What you have to do:
Please give the data again in full, precisely as it is written.

____

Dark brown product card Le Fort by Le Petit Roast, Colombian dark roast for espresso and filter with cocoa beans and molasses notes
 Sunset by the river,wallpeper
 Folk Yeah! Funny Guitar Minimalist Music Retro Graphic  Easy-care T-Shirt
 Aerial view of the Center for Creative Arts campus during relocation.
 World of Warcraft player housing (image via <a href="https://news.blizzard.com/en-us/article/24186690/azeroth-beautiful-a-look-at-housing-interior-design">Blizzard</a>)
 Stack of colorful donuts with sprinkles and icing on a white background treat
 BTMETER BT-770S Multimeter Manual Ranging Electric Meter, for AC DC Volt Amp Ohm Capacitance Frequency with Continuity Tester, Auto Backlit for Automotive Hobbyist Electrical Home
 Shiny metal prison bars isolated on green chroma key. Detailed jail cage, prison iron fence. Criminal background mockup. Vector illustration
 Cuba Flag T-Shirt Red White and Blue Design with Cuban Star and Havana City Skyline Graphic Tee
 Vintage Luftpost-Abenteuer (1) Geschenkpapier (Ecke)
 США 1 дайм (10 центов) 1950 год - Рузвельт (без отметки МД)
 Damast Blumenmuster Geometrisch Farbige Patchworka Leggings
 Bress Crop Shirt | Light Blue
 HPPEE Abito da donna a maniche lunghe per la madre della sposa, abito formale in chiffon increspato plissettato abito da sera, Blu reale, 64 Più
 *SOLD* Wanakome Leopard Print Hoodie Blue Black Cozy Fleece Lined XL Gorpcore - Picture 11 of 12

____

Answer for this exercise:
Dark brown product card Le Fort by Le Petit Roast, Colombian dark roast for espresso and filter with cocoa beans and molasses notes
 Sunset by the river,wallpeper
 Folk Yeah! Funny Guitar Minimalist Music Retro Graphic  Easy-care T-Shirt
 Aerial view of the Center for Creative Arts campus during relocation.
 World of Warcraft player housing (image via <a href="https://news.blizzard.com/en-us/article/24186690/azeroth-beautiful-a-look-at-housing-interior-design">Blizzard</a>)
 Stack of colorful donuts with sprinkles and icing on a white background treat
 BTMETER BT-770S Multimeter Manual Ranging Electric Meter, for AC DC Volt Amp Ohm Capacitance Frequency with Continuity Tester, Auto Backlit for Automotive Hobbyist Electrical Home
 Shiny metal prison bars isolated on green chroma key. Detailed jail cage, prison iron fence. Criminal background mockup. Vector illustration
 Cuba Flag T-Shirt Red White and Blue Design with Cuban Star and Havana City Skyline Graphic Tee
 Vintage Luftpost-Abenteuer (1) Geschenkpapier (Ecke)
 США 1 дайм (10 центов) 1950 год - Рузвельт (без отметки МД)
 Damast Blumenmuster Geometrisch Farbige Patchworka Leggings
 Bress Crop Shirt | Light Blue
 HPPEE Abito da donna a maniche lunghe per la madre della sposa, abito formale in chiffon increspato plissettato abito da sera, Blu reale, 64 Più
 *SOLD* Wanakome Leopard Print Hoodie Blue Black Cozy Fleece Lined XL Gorpcore - Picture 11 of 12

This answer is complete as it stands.